Асерли снова уткнулся в газету.
— Нет, ты подумай, что творят твои коронованные родственнички, — вдруг хмыкнул он. — Нефтяные вышки в Полуночном море. Скоро открывают еще одну, с помпой, с шумом. Не желаешь поприсутствовать? Не отвечай, вижу, вижу, что нет. Странно, что альфары их не остановили. Или им все равно, как ты думаешь?
— Я не знаю.
— И я не знаю, впрочем, сегодня я этим заниматься не намерен. Я иду в оперу. Знаешь, в Катандеране прекрасная опера, Королевская. Ставят "Гибель Летты". Чудесная, хотя и довольно консервативная постановка, тут вот, — острый палец наймарэ потыкал в газетную статью, — пишут, что просто дух захватывает. Нож, ты куда?
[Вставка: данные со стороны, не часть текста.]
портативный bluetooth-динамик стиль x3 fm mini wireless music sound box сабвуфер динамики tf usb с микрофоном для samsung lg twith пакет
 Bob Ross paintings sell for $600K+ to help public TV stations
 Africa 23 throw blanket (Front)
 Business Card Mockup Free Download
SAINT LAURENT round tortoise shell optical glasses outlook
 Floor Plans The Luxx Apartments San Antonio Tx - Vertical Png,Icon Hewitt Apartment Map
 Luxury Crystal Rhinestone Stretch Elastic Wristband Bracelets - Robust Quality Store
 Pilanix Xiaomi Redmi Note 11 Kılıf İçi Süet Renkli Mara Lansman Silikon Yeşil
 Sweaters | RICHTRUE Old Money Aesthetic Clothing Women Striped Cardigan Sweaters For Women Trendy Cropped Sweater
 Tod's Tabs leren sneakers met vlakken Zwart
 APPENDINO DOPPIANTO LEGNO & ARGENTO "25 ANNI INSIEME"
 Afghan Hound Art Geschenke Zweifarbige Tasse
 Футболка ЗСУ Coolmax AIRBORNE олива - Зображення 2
Он аккуратно затворил за собой дверь кухни и побрел наверх.
7
Дом семейства Агиларов находился в верхнем ярусе столицы, совсем недалеко от стен королевского замка. Двухэтажный особняк, утопающий в сирени и цветущих каштанах, беленый каменный куб, надстроенный и обвешанный со всех сторон узорным фахверком. Башенки, мансарды, веранды — целый сказочный средневековый городок. По переходам и терраскам сновали женщины в цветастых платьях, в распахнутых окнах полоскались занавески, из одного кто-то высовывался и махал рукой, в комнатах играл радиоприемник, с верхней мансарды доносились фортепьянные гаммы. Под каштанами на зеленой лужайке маленькая девочка уговаривала собаку прыгнуть в обруч, собака скакала вокруг и лаяла.
По выложенной терракотовыми плитками дорожке навстречу машине ехал на трехколесном велосипеде серьезный ребенок в панаме.
Рамиро остановился в воротах. Ворота никто не открывал — они так и были гостеприимно отворены на улицу.
— Побибикай, — посоветовала Лара, разглядывая окна из-под руки. — Нас не видят. Тут всегда такая суета.
Рамиро побибикал, серьезный ребенок в ответ побибикал медным клаксончиком.
— Похоже, мы загораживаем проезд господину Агилару, — пробормотал Рамиро.
Собака наконец обнаружила чужаков и кинулась встречать с восторженным лаем.
— Игерна! — Лара замахала рукой. — Мы тут!
К машине спешила женщина — улыбающаяся, очень красивая, в темно-красном платье с белым пояском. В каштановых локонах — две заколки с гранатами и бриллиантами.
— Кела! — крикнула она девочке. — Забери брата! Лара, добрый день! Господин Илен, добрый день, рада видеть, проезжайте прямо к дверям. Фетт потом отгонит машину в гараж.